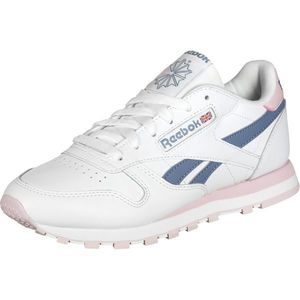 Reebok Classics Sneaker low alb / roz pudră / albastru porumbel imagine
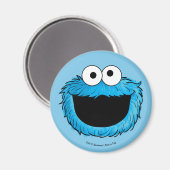 Monster aan het einde van dit artikel | Koekjesmon Magneet (Voorkant / Achterkant)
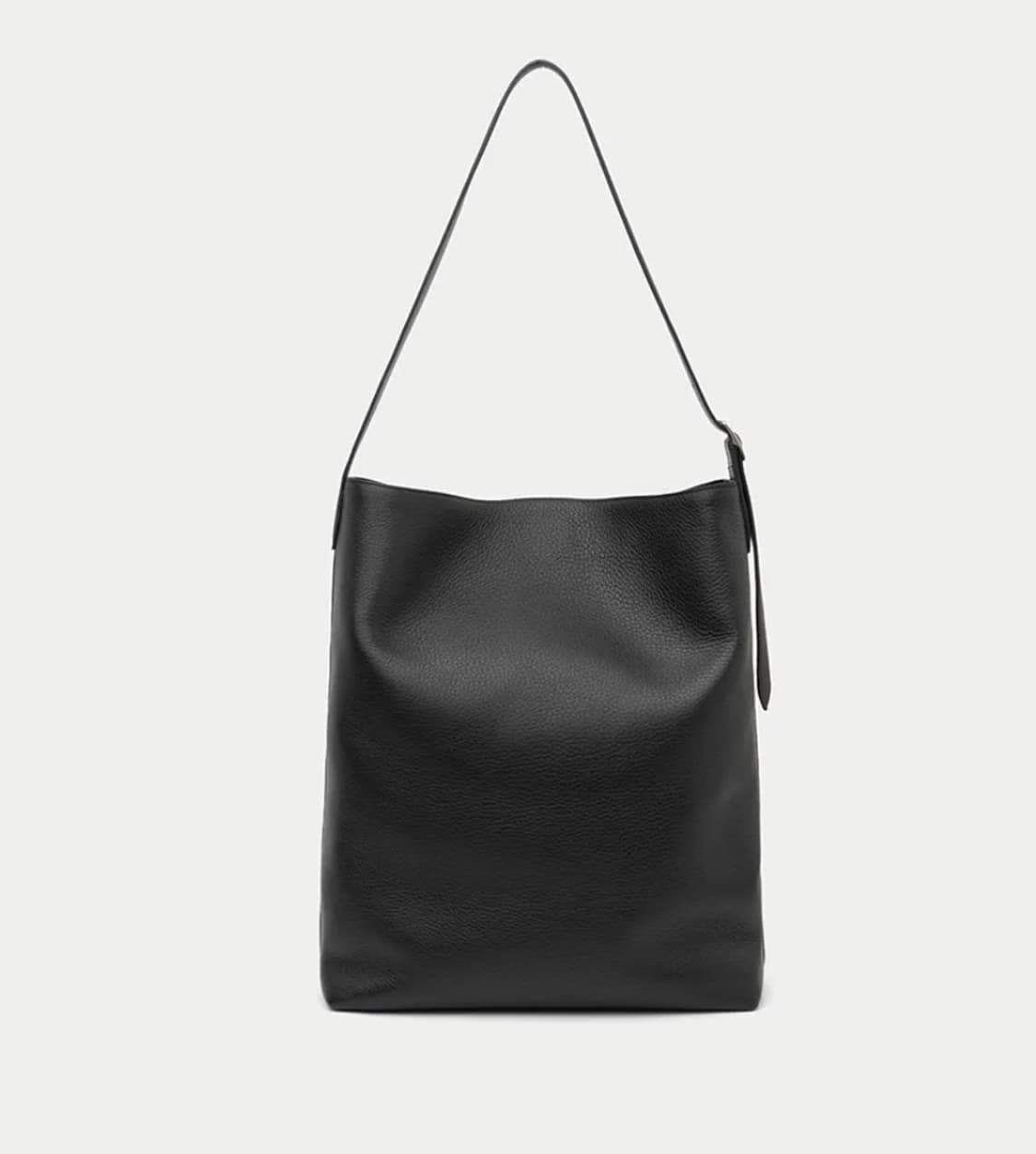강정석 PERMANENT LEATHER BAG 02 (BLACK) 상품이미지1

▸ **Exercise instructions**: Reproduce the full listing faithfully, but do not carry over any pictures.

▸ **Completed task**:
 Reebok Classics Sneaker low alb / roz pudră / albastru porumbel imagine
 Monster aan het einde van dit artikel | Koekjesmon Magneet (Voorkant / Achterkant)
강정석 PERMANENT LEATHER BAG 02 (BLACK) 상품이미지1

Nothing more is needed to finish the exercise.